Several weeks passed and I hadn’t heard anything back, so I ventured another email to the organizer who responded and asked if we wanted to be Buzz Lightyear and Jessie. I reviewed the photo I had emailed her, my complexion did look a little washed out in it. I replied sure. I figured they were probably just going for nontraditional, or color-blind, casting. I should celebrate playing a pasty-white redheaded cowgirl. Or, more realistically, they just didn’t have lookalike fits for everyone and just tried to make do (I’d like to think they were deliberately trying to be progressive though…). I knew Jeff would make a fantastic Buzz and, again, I was mainly participating to see the happy, cute kids.
In preparation for the event we rewatched Toy Story 2. Jeff carefully reviewed Buzz’s mannerisms, phraseology, attitude, and memorable lines. I half-heartedly observed Jessie and noted that her obnoxious perkiness and wide range of emotions far exceeded my acting capabilities or any amount of effort I was willing to invest in the character. Maybe I could swing my arms or pose in a way that kind of made me look cowgirlish… maybe. I knew the moment I opened my mouth the facade would be over. All I was expected to do was put on the costume, parade around, smile and try not to scare any little kids, right?

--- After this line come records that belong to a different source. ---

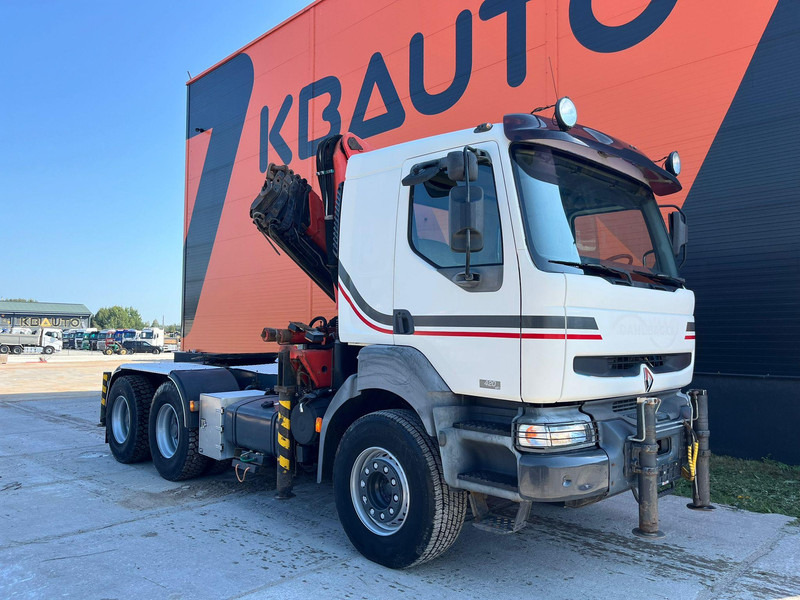 Renault 420 DCI 6x4 FULL STEEL / PK32080 - Cabeza tractora: foto 4 Renault 420 DCI 6x4 FULL STEEL / PK32080 - Cabeza tractora: foto 4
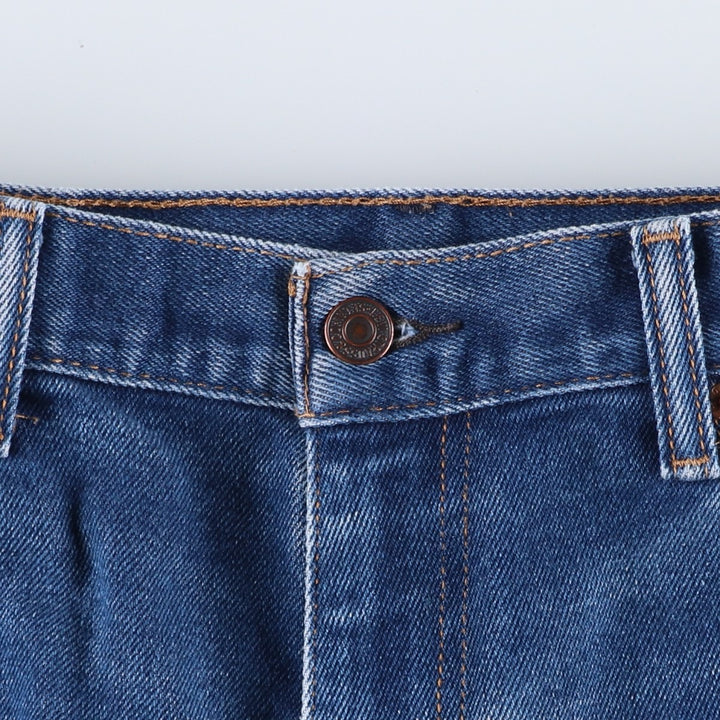 Levi's 517 Bootcut Denim Pants for Men, Size W34 unclear blue type Vintage Second Hand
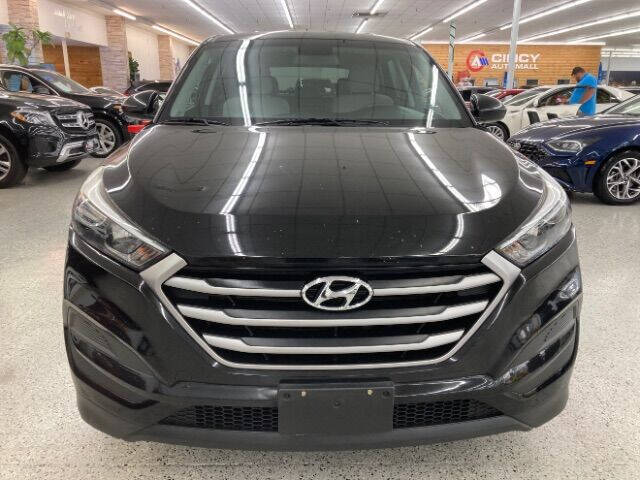 2017 Hyundai Tucson SE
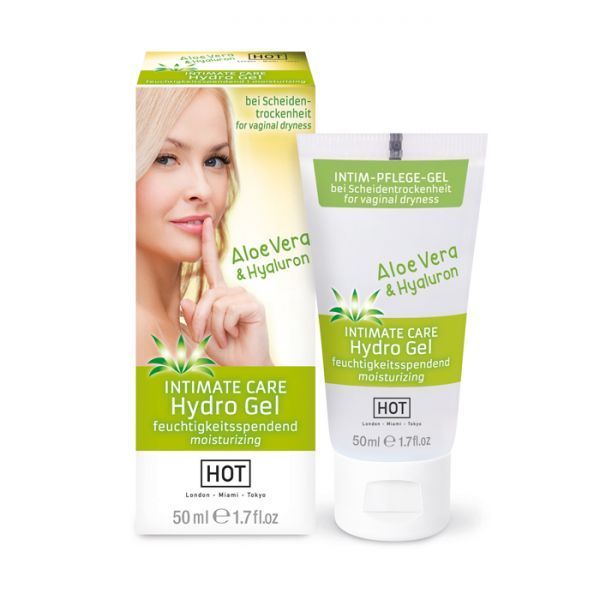 Вагінальний гель HOT INTIMATE Care Hydro Gel, 50 ml вид 2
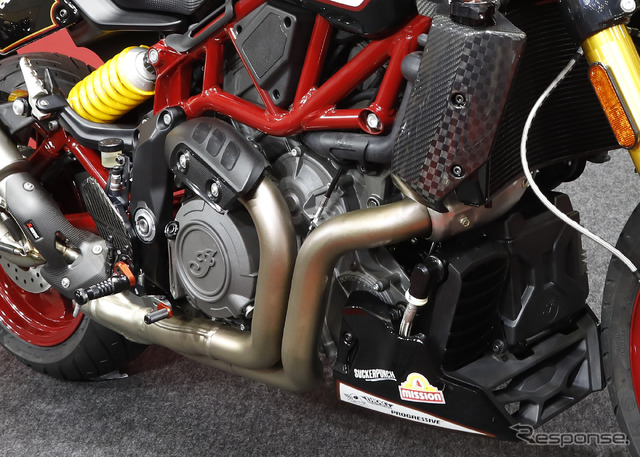 インディアン FTR x RSD Super Hooligan(東京モーターサイクルショー2024)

The evening before the Character Breakfast it was recommended that we attend a rehearsal and try on our costumes if we hadn’t already. I had falsely assumed that the event would take place in the Rec Center, a modest building perhaps the size of a hotel lobby with a couple adjacent rooms. Fortunately I checked the address before making my way to the rehearsal, and was instead lead to a huge gymnasium, a former hanger, across from the base near the airfield. Oh. I entered the building and was met with a giant archway of black balloons in the outline of Mickey ears and walked underneath them. Then set across half the room were about thirty large round tables for guests situated in front of an elevated stage and the other half was open floor with designated cubicles around the edges with groups of character names. So it was definitely a bit larger scale than I was expecting.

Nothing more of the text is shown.